***** Data extracts

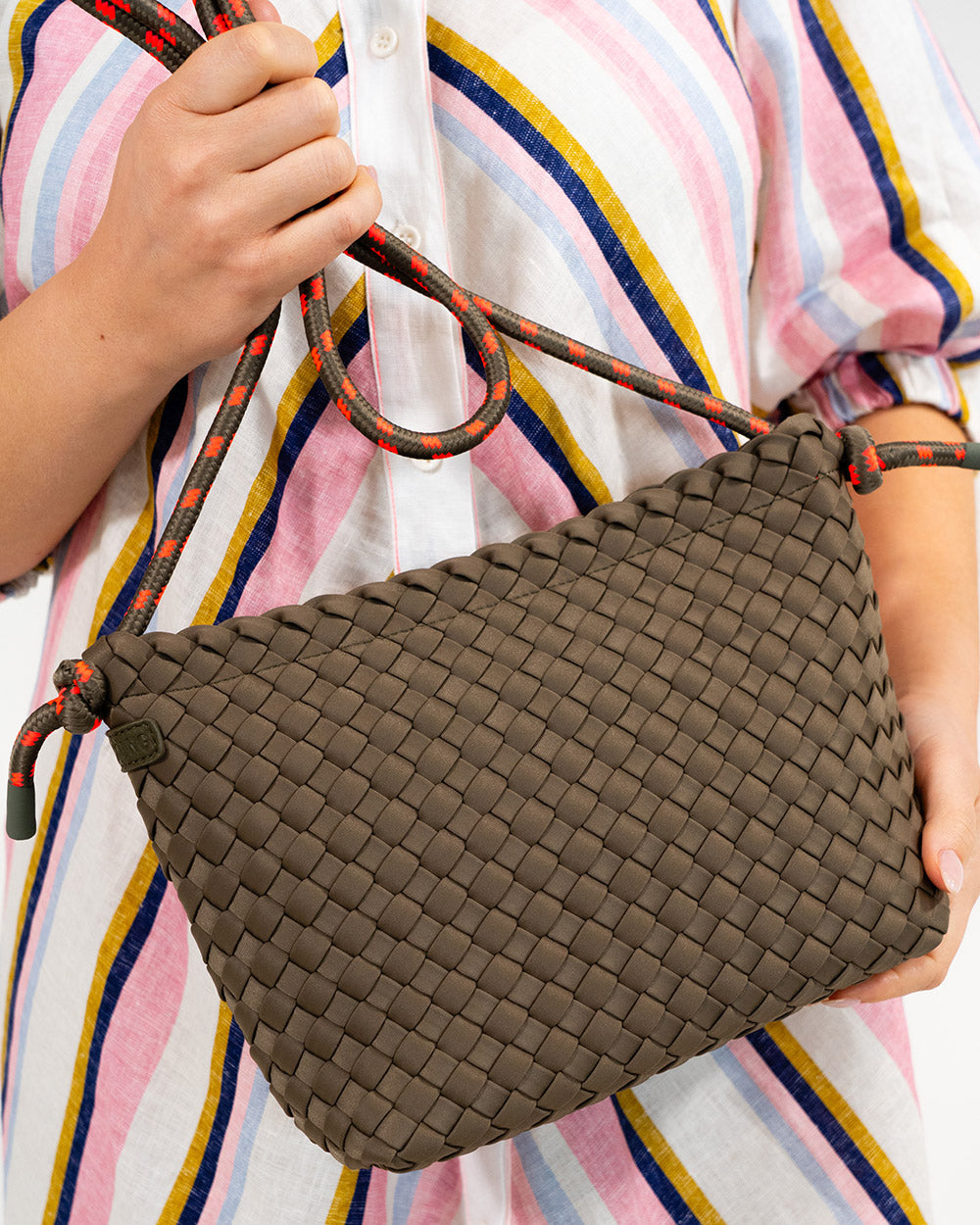 Panama Crossbody - Khaki Neo Plait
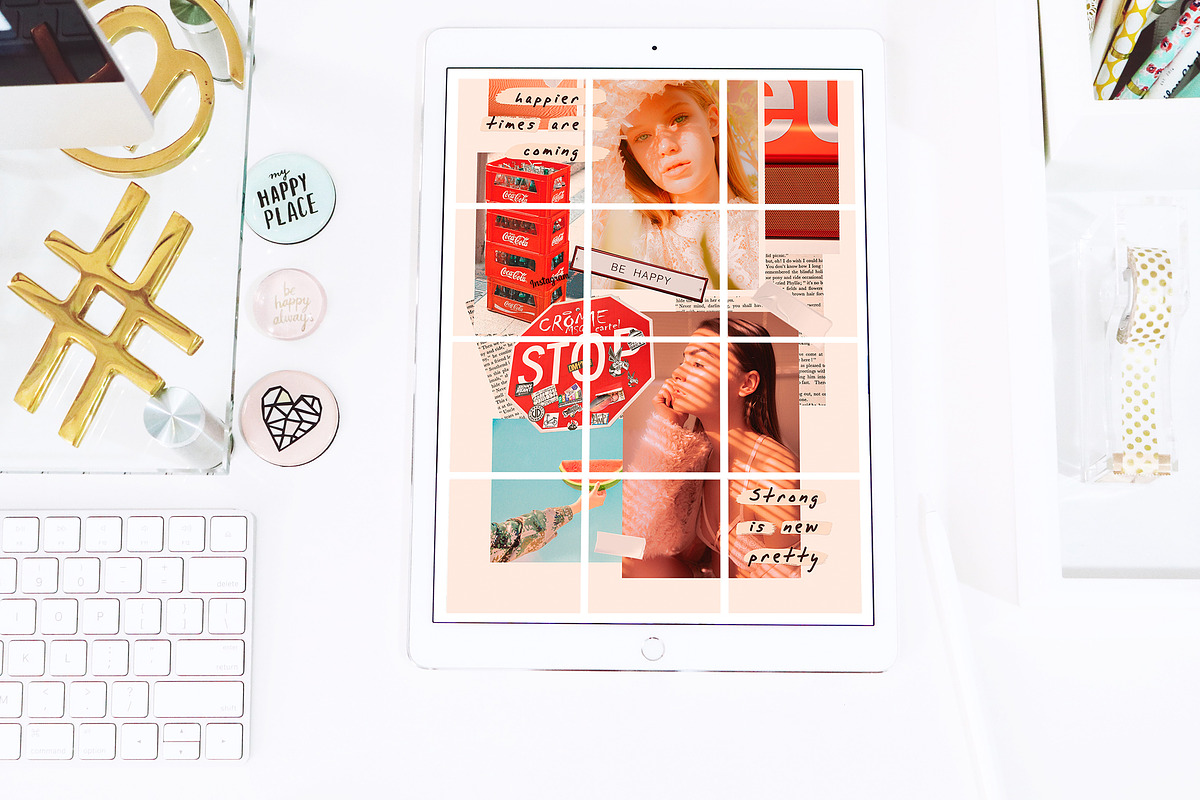 90s Instagram Puzzle Template, a Social Media Template by Marie T (Photo 6 of 8)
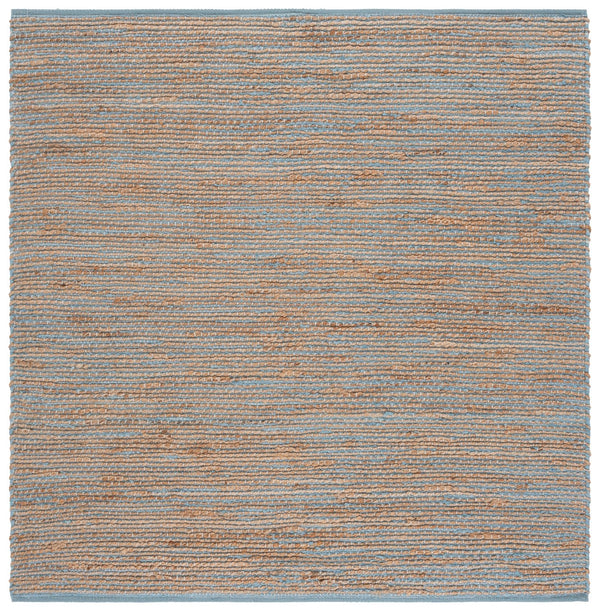 Safavieh Cape Coastal Blue & Natural Handwoven Jute Cotton Rug — Eco-Friendly Texture, Timeless Coastal Style 4'-0" x 6'-0" CAP236M-4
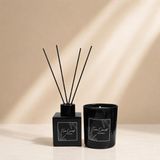 Consept Vanilya Kokulu Dekoratif Oda Kokusu Seti - 150G Kokulu Mum & 100ML Çubuklu Oda Kokusu (Siya - Çok Renkli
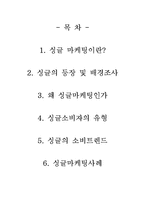 싱글 마케팅 레포트-2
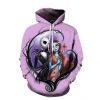 nightmare before christmas hoodie jack and sally sweatshirt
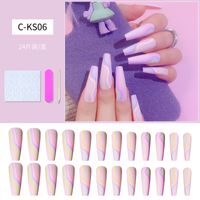 Wear Armor Finished Product Nail Tip Disassembly Removable Wear Nail Stickers sku image 34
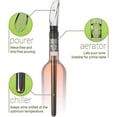 thumbnail image 2 of Enfriador de vino, enfriador de vino con vertedor de vino de acero inoxidable y barra de enfriamiento, enfriador de botellas de vino, 2 of 5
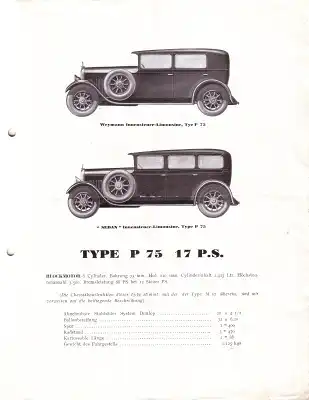 Talbot Programm 1920er Jahre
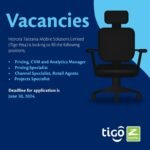 JOB ANNOUNCEMENT at Tigo Tanzania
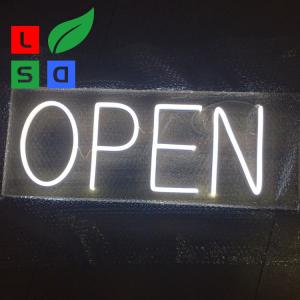 China LED Neon Open Sign IP20 Or IP65 For Shops Bars And Restaurants Custom Neon Sign on sale
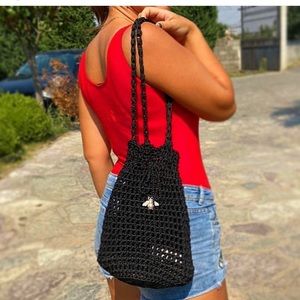 Handmade crochet bag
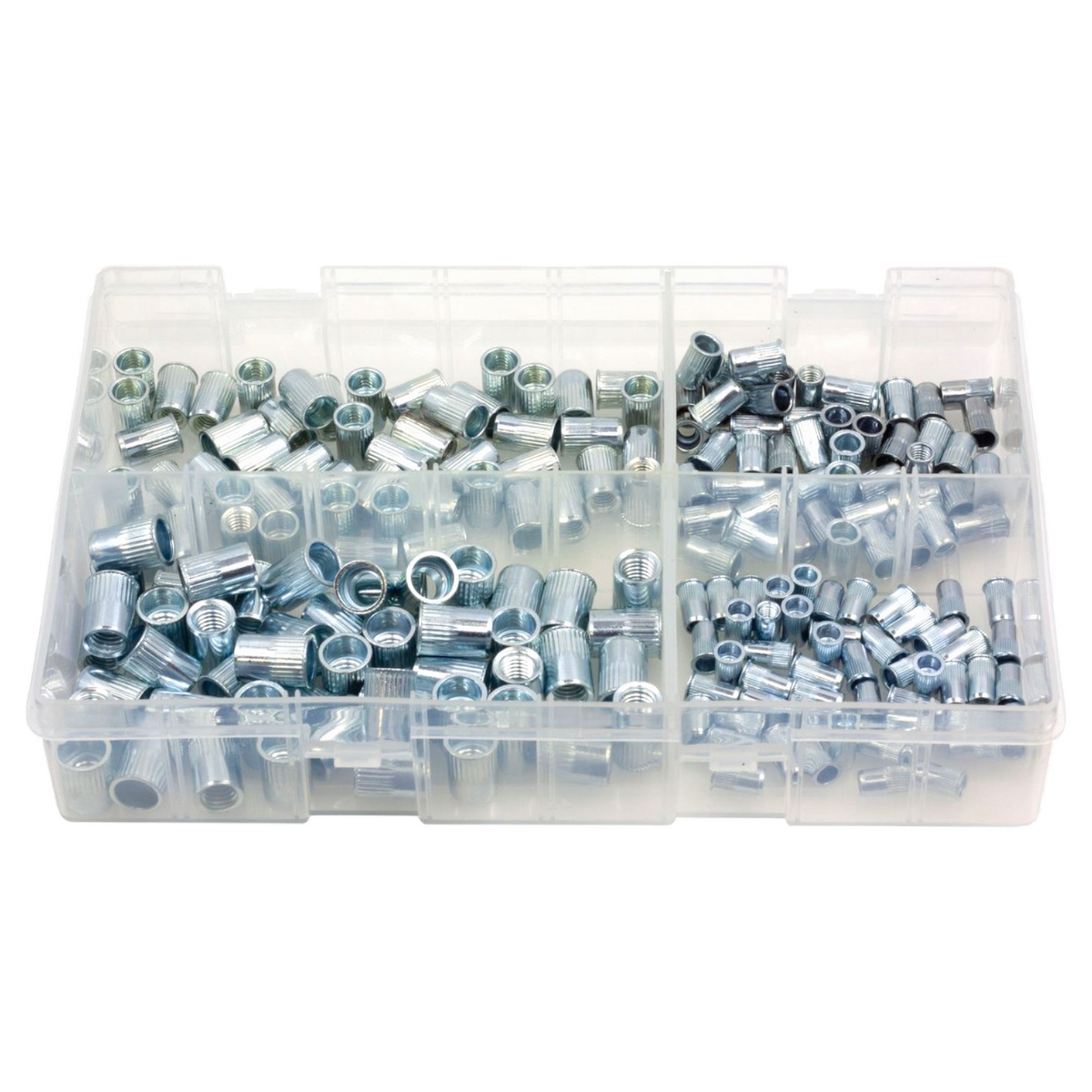 200pc Assorted Rivet Nuts Box - Nutserts, M4 to M8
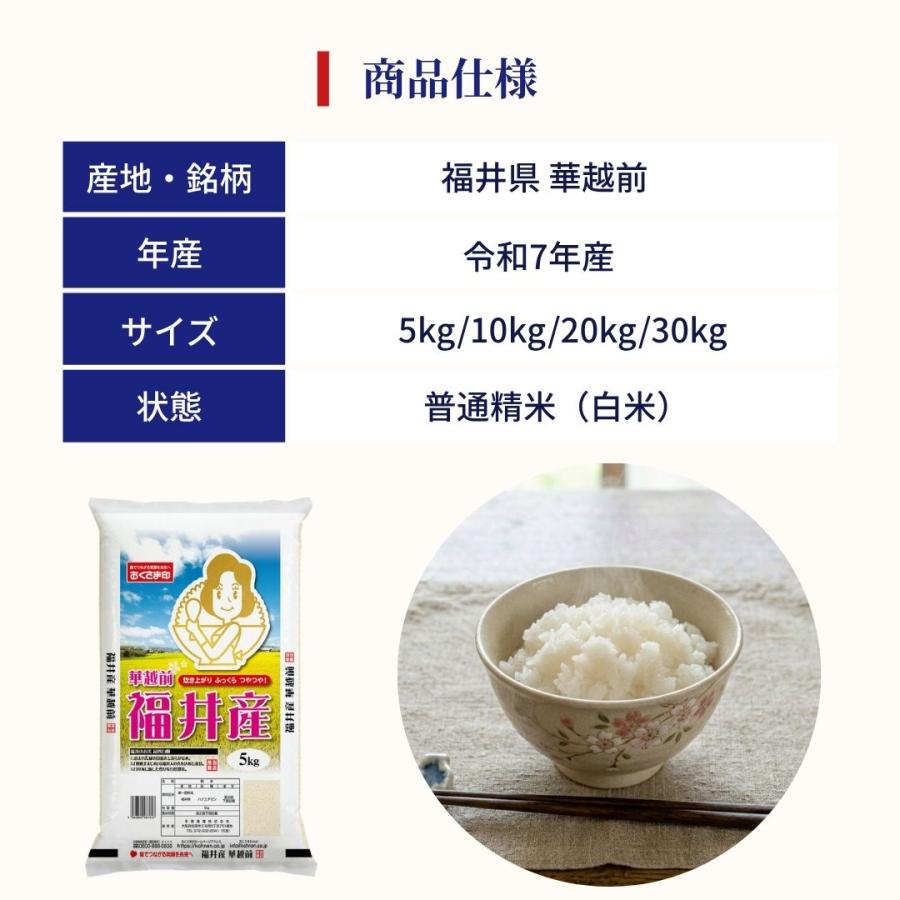 おくさま印 新米 令和8年産 福井県産 ハナエチゼン 白米 10kg（5kg×2袋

**********

Work required:
Although pictures appear among the entries, please set down only the lines from the one with "싱글 마케팅 레포트-2" up to and including the one with "JOB ANNOUNCEMENT at Tigo Tanzania", word for word.

Solution below:
 싱글 마케팅 레포트-2
 nightmare before christmas hoodie jack and sally sweatshirt
 Wear Armor Finished Product Nail Tip Disassembly Removable Wear Nail Stickers sku image 34
 thumbnail image 2 of Enfriador de vino, enfriador de vino con vertedor de vino de acero inoxidable y barra de enfriamiento, enfriador de botellas de vino, 2 of 5
 Talbot Programm 1920er Jahre
 JOB ANNOUNCEMENT at Tigo Tanzania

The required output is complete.